- Work instructions: Beginning with the line that holds "الروبوت مكون من" and ending with the last line of the entries below, copy every line exactly and nothing else, with the pictures left out.

- Exercise data:
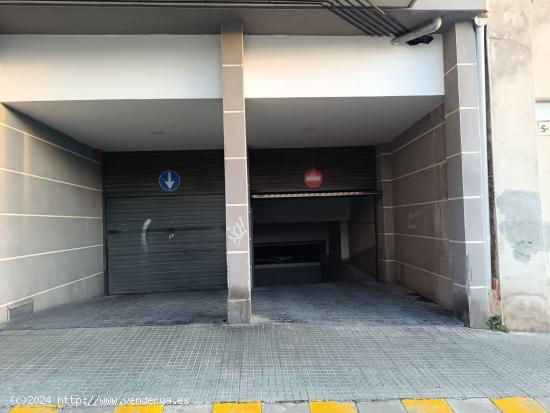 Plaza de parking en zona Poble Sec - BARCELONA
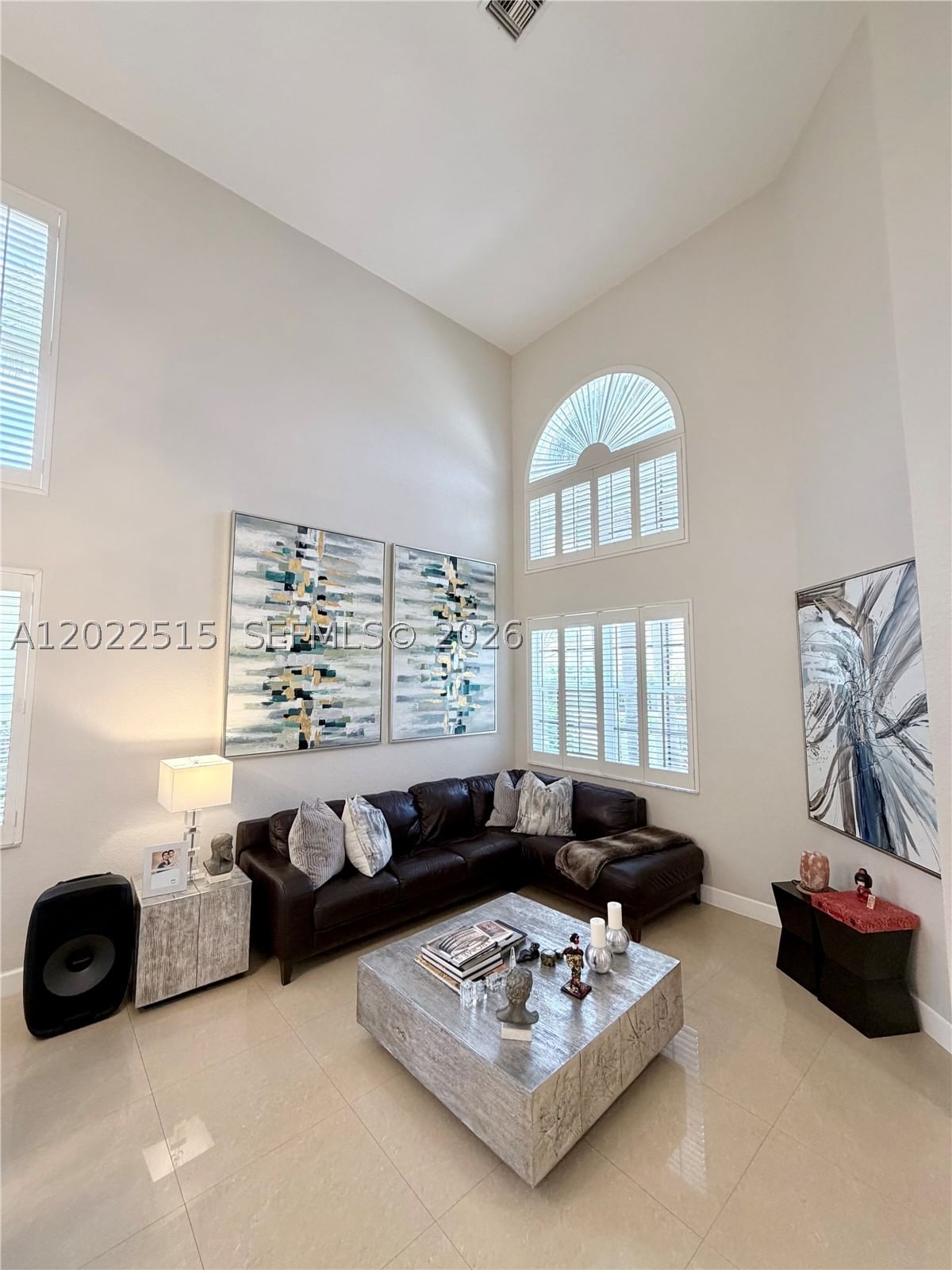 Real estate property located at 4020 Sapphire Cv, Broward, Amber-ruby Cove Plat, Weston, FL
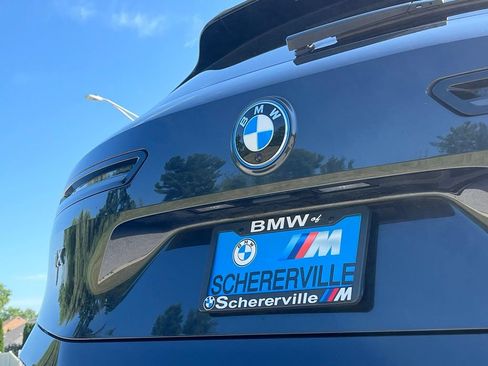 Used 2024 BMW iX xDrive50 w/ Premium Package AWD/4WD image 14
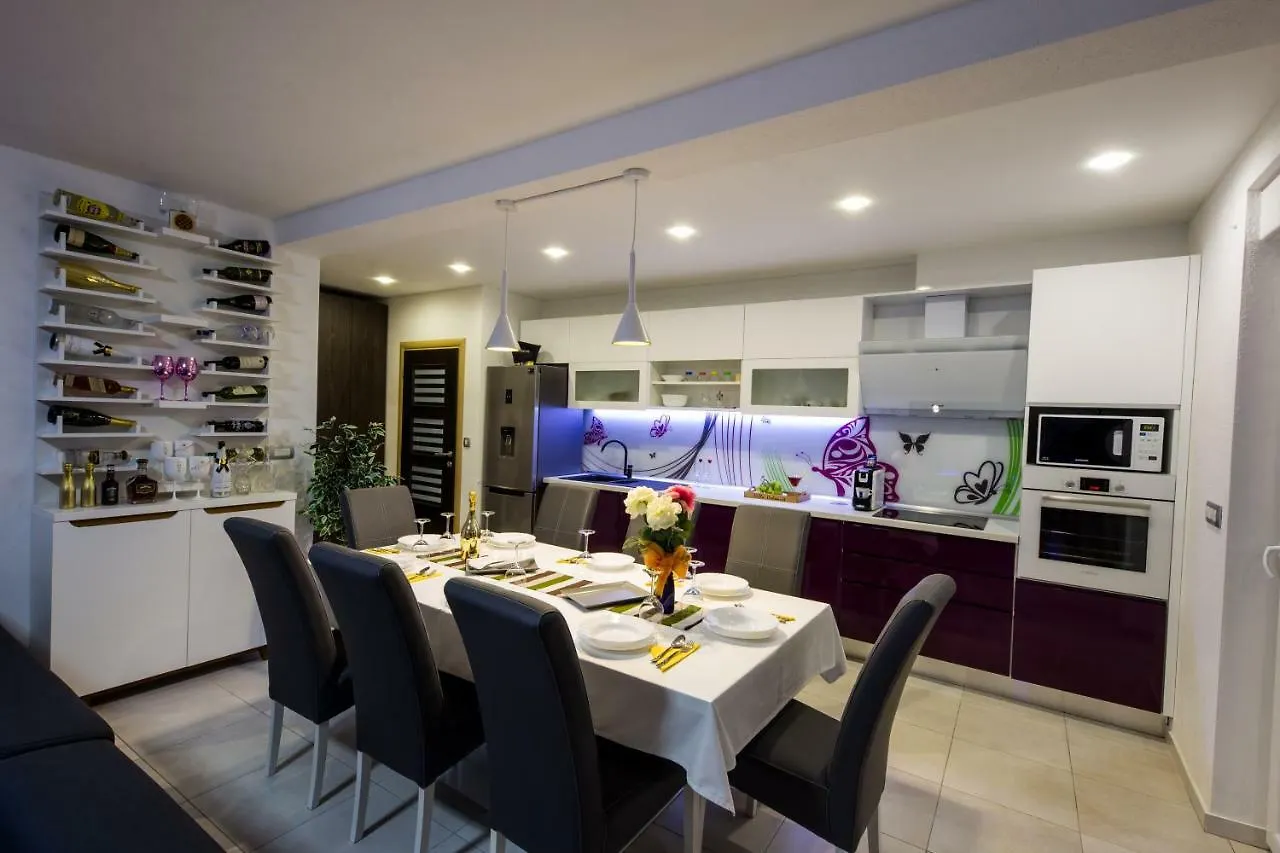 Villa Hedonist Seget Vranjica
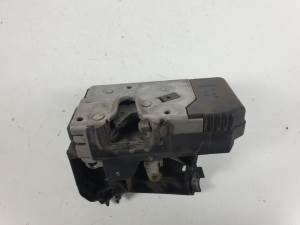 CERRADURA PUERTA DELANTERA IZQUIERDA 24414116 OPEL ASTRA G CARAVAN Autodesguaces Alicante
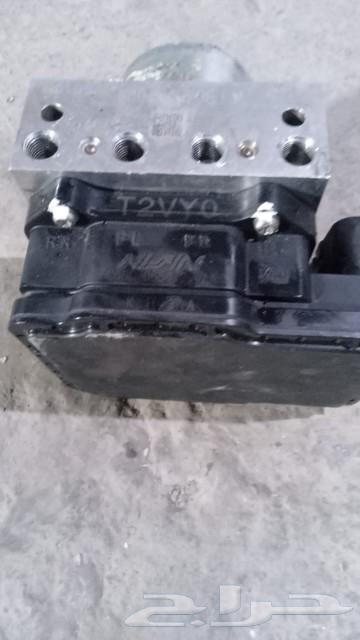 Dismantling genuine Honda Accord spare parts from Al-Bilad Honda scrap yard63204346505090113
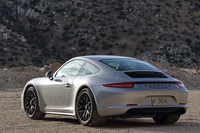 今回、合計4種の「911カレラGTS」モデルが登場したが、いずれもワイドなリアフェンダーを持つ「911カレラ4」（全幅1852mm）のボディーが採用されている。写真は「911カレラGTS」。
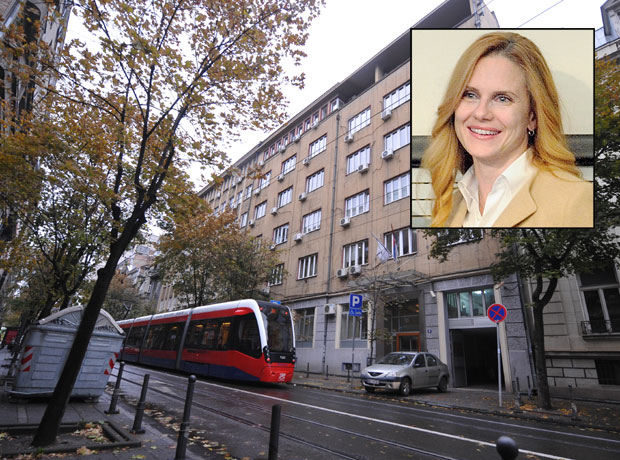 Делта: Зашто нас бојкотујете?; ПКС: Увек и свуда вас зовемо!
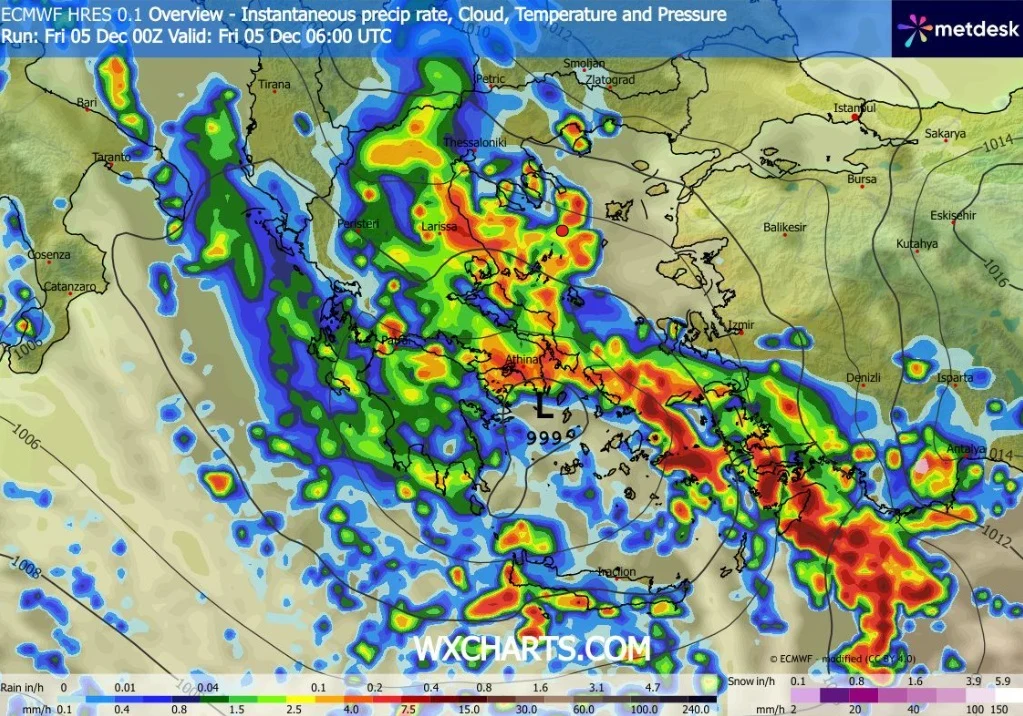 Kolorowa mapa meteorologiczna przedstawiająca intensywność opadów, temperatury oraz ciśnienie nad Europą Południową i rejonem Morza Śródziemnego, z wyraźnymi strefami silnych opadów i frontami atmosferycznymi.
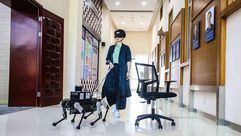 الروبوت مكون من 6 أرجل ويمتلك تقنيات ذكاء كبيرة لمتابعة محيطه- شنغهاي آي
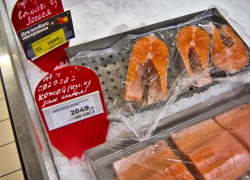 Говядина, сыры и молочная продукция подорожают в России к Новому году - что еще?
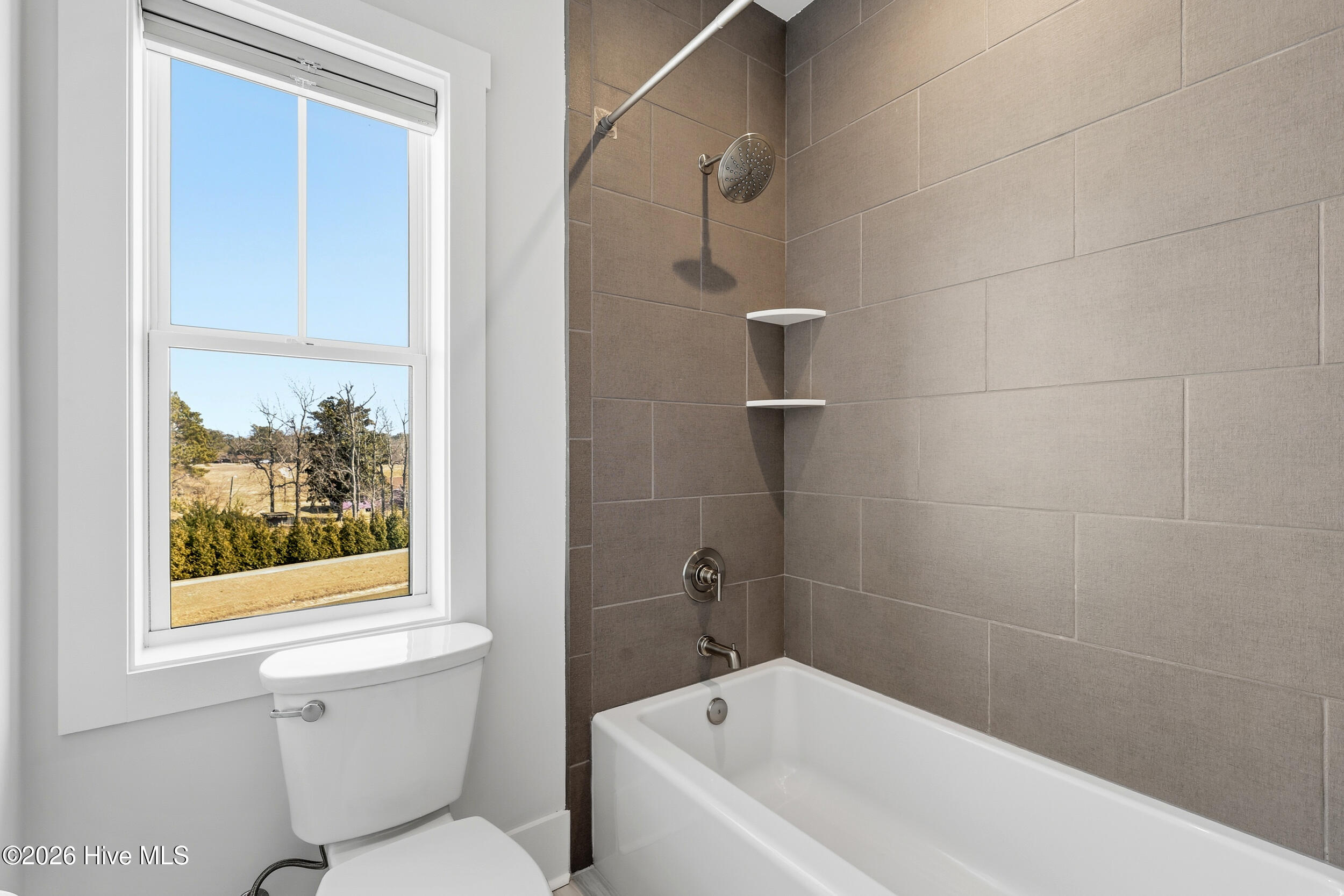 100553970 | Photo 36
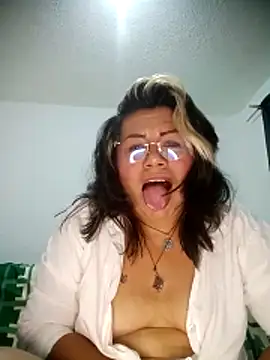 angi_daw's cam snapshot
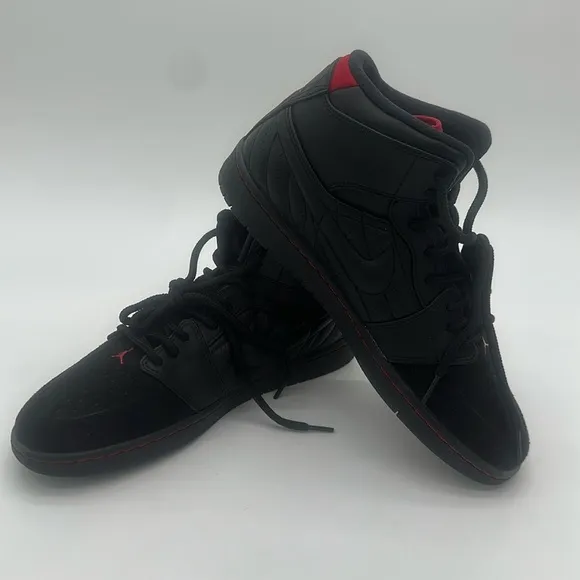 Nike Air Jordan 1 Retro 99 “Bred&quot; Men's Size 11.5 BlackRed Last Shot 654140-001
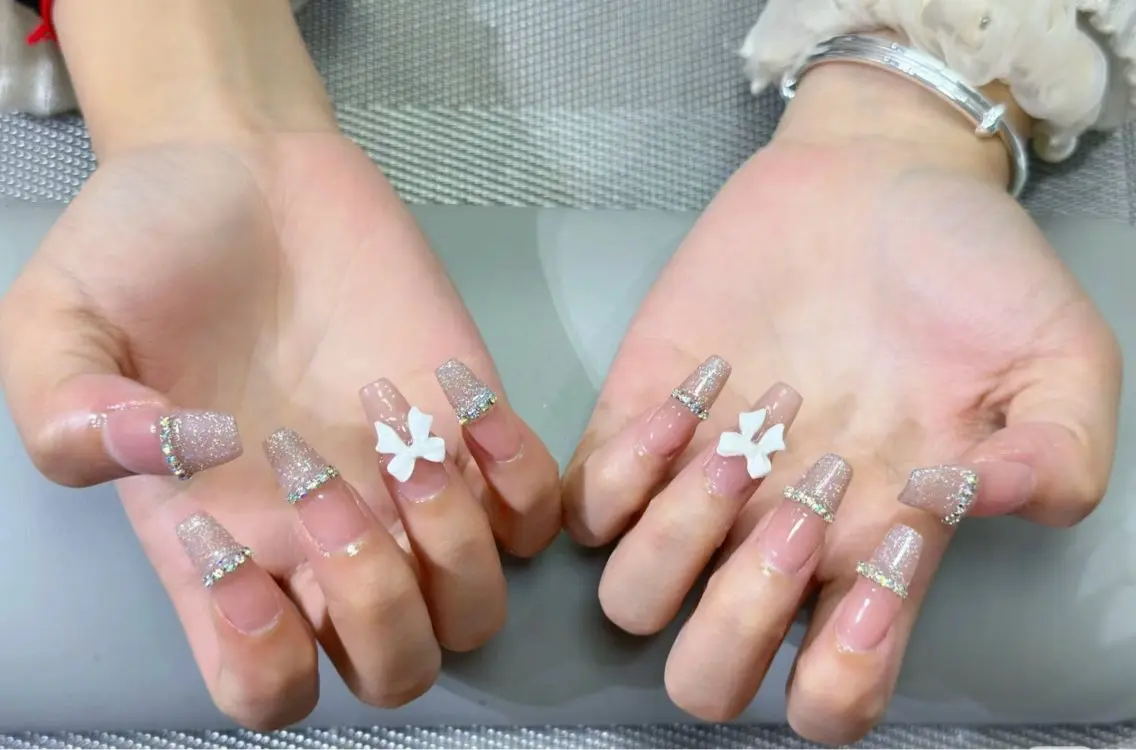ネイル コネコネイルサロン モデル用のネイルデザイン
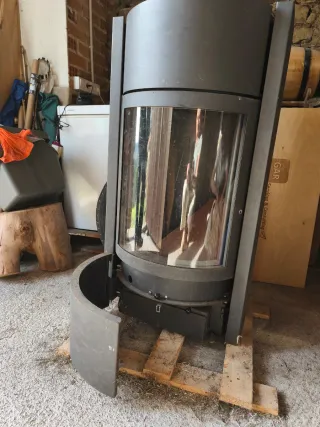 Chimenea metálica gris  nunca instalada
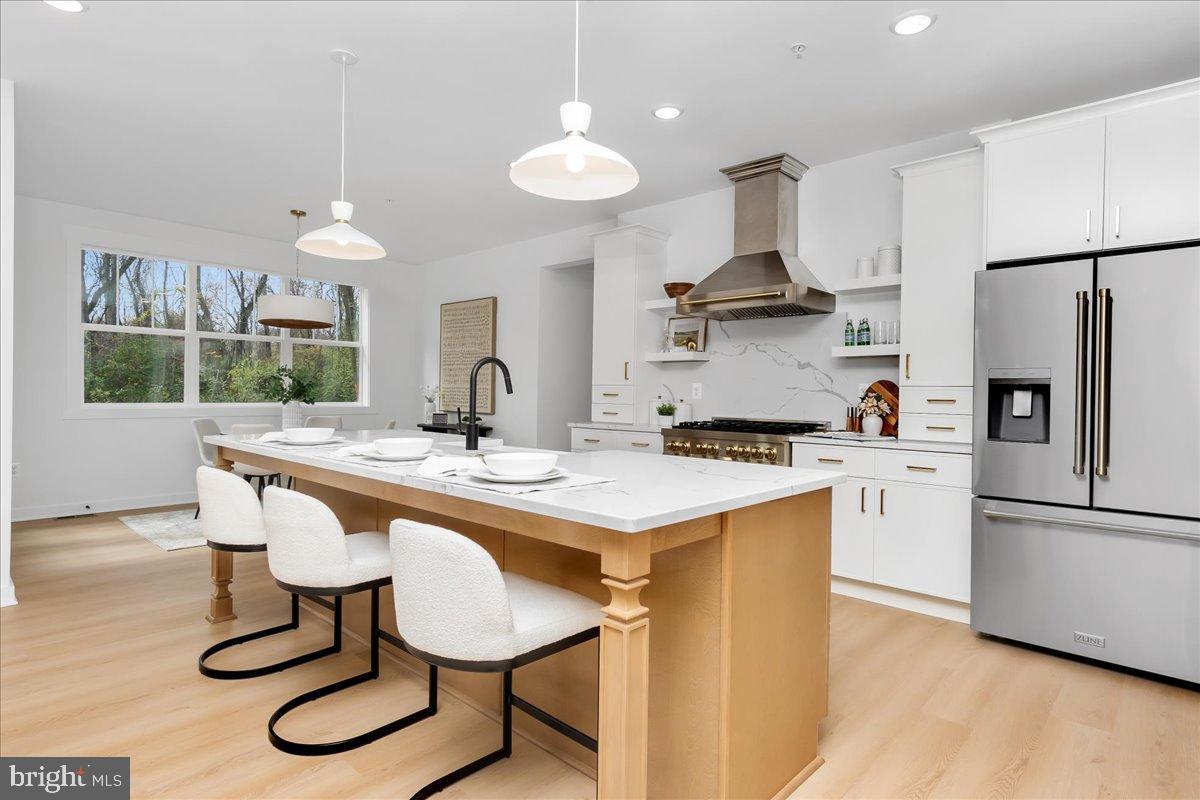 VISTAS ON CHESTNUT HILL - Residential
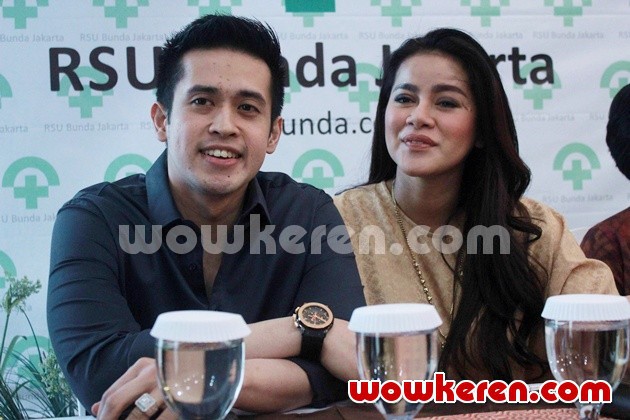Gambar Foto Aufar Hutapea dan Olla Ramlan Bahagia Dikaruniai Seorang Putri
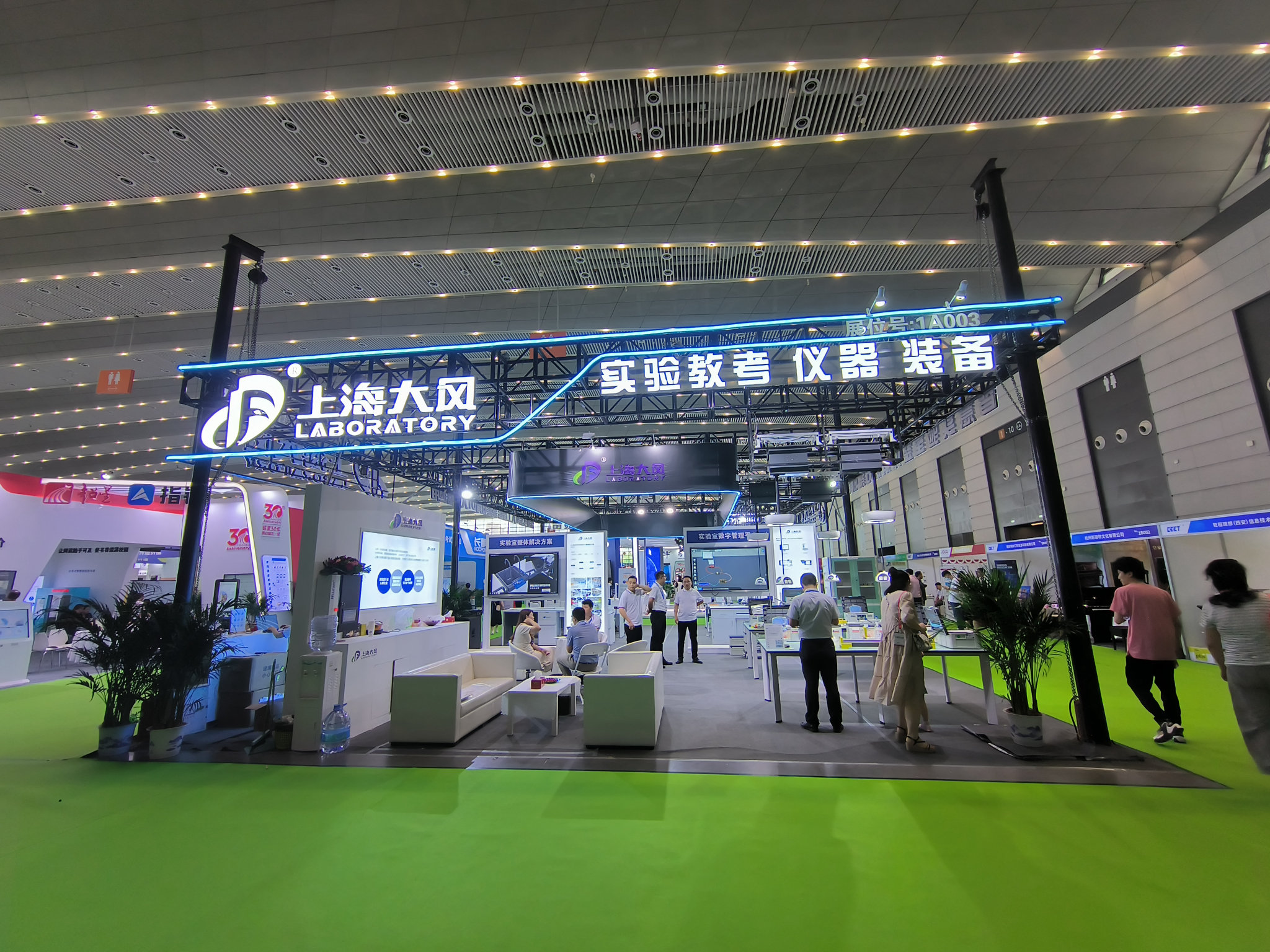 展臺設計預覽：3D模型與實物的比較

- Solution to the problem:
 الروبوت مكون من 6 أرجل ويمتلك تقنيات ذكاء كبيرة لمتابعة محيطه- شنغهاي آي
 Говядина, сыры и молочная продукция подорожают в России к Новому году - что еще?
 100553970 | Photo 36
 angi_daw's cam snapshot
 Nike Air Jordan 1 Retro 99 “Bred&quot; Men's Size 11.5 BlackRed Last Shot 654140-001
ネイル コネコネイルサロン モデル用のネイルデザイン
 Chimenea metálica gris  nunca instalada
 VISTAS ON CHESTNUT HILL - Residential
Gambar Foto Aufar Hutapea dan Olla Ramlan Bahagia Dikaruniai Seorang Putri
 展臺設計預覽：3D模型與實物的比較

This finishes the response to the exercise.